Just like most families we are dealing with the many challenges that arise on a daily basis. The constant juggling of work, family, finances and life really hit home for us when my health started to suffer making me realise how crazy we had allowed our lives to become!
I always preferred to live a jam-packed, fast-paced life and didn't feel that sense of accomplishment unless I had delivered perfection in every aspect of my life. My career was of significant importance to me and I was going above and beyond everyday to deliver exceptional results. One of my managers kept telling me that "I would get the task done or die trying" which of course at the time I took as a complement but that really was the start of my decline into poor health.
It became apparent after a few months that I couldn't just push through it as I had done for several years juggling work and family so I began my mission to get answers. How could I possibly accept my fate when my family needed me to be the perfect parent? How could my household function if I wasn't able to keep the house clean and our schedule organised with military precision?

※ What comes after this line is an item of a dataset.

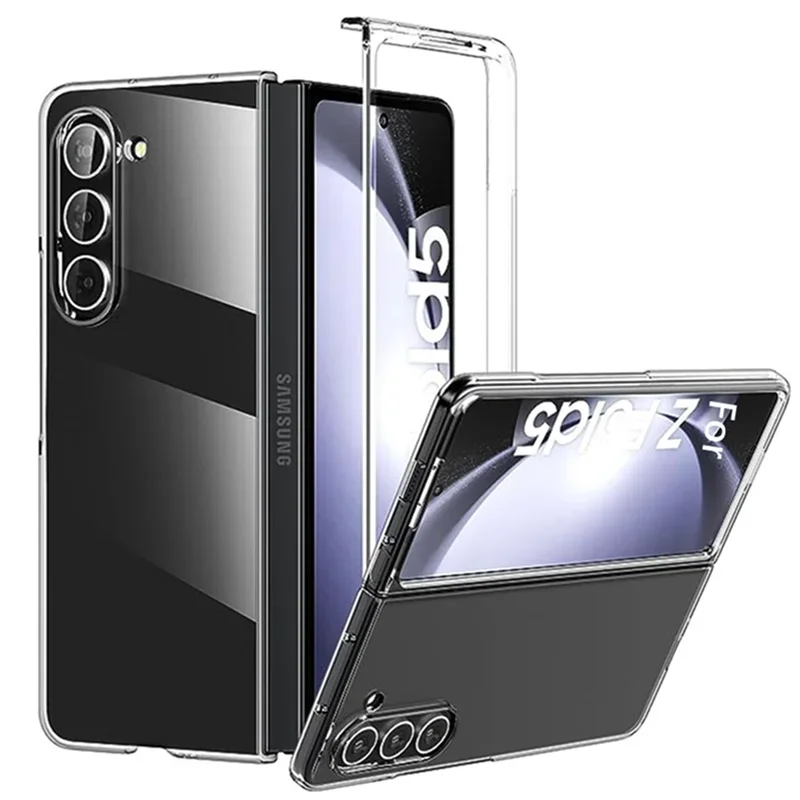 Fold5 Fold4 Slim Hard Clear Cover For Samsung Galaxy Z Fold 5 4 3 5G Anti-Scratch Shockprooof Case For ZFold5 ZFold3 ZFold4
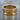 Interlocking Pride Ring, gold vermeil, front view on stone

It took me a while to accept that there wasn't a magic pill that would allow me to return to my pursuit of perfection and that the life I was leading was just not sustainable. I reflected on everything that led me to that point in my life and why I felt that the lifestyle I was leading would bring me happiness. The reality is that it wasn't the only way to be happy, it was just a view I had formed of what being a perfect parent and a responsible member of society should look like.
I wasn't the only one being challenged during this difficult period. My husband was trying to support the family and pick up on the things I was struggling to do. He also felt the pressure to fast track the progression of his career so I could step back and focus on my health which could ultimately impact on his contribution to parenting duties which had always been so important to him.
I am pleased to say that we have moved though it and things are on the up and up! This experience is just one of many that families deal with on a daily basis and we feel blessed to have learnt some important life lessons from it. Our hope is by sharing our journey we can help other parents accept that society's view of a perfect parent is unrealistic and trying to live up to those expectations is likely to impact your quality of life.
Welcome to Perpetual Parenting! We hope to share in the joy, frustration, fun and exhaustion of being a parent.